Chelsea used to make an easy dinner out of trips to places like Norwich. They would travel, feast, fill themselves up and return to London with 3 points in the bag. What was once an easy task has now become a stressful endeavour. Chelsea travel to grounds like Carrow Road hoping for 3 points rather than expecting them. On Saturday their hopes were not realised, yet again, and the team departed from Norwich back to London with their tails between their heads.

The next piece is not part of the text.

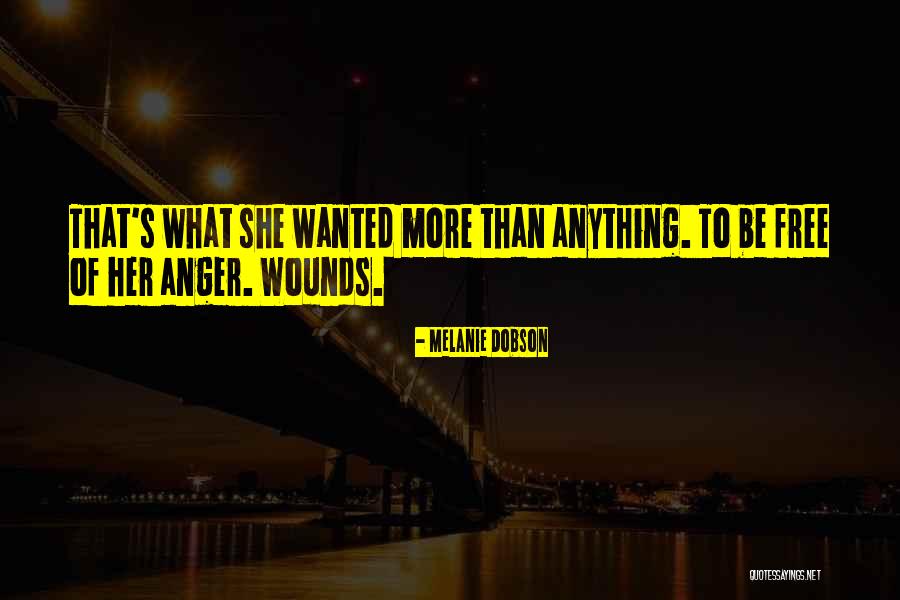 Wanted To Quotes By Melanie Dobson
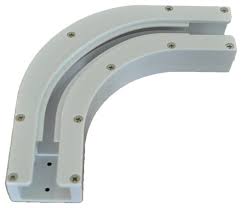 0 out of 5 stars, based on 0 reviews current price $59.40 $ 59. Corner Window 90 Degree Curved Track Contemporary Curtain Rods By Metechs Global Inc Houzz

This is not the Chelsea of the Jose Mourinho heyday, the brief stay of Guus Hiddink or the first season of Carlo Ancelotti. This is more like the Chelsea of Luis Felipe Scolari, Avram Grant (Champions League excursions excluded) and the second part of Carlo Ancelotti’s reign. The team plays in the same way, that is a direct style with minimal wing play, but it lacks the defensive solidity that made a clean sheet likely and the mental fortitude that made winning a necessity at almost any cost. Once that groove has gone, once the verve has lost its way, it is difficult to get it back. It takes months of continued success to get back even a little of the mental strength that was before taken for granted. It is one of the greatest achievements of Sir Alex Ferguson’s reign at Manchester United. The Manchester United manager has not always had the best players in the English Premiership, in fact in the past couple of seasons it could be argued he didn’t even have the second or third best group of players, but what he does instill in his players is a remarkable audacity. The type that says ‘we must win, we have to win, we will win.’ Of course this audacity can often manifest as naivety and it is impossible to win every match. Mental strength does not mean a team can avoid defeat. What it does achieve, however, is a conviction. The idea takes hold within the squad that when the team has lost it is not because they are inferior, it was merely because they didn’t turn up. A team with the ‘verve’ believes that they are always superior and going to win and if they don’t then it is only because they didn’t apply themself. Simply put, a team believes that everything is in it’s own destiny, under it’s own control. Chelsea’s players no longer believe that. The players try, the manager tries, but for all their efforts they still can’t create a consistent winning run. They play well in patches and awful in patches. They score in abundance one week and concede plenty the next. The team no longer has faith in it’s own abilities. They play and when they win they know it was fortunate and that when they lose it was because it was deserved. Chelsea have lost their verve and without it, just like Arsenal and Liverpool, every game is an uphill struggle. There is no mental advantage over the opponents. Instead the supposed superiority works as a burden. The team and players are held back by the expectation that they themselves know to be unwarranted.
Chelsea are a long way from the title. Chelsea don’t even have any ‘verve’.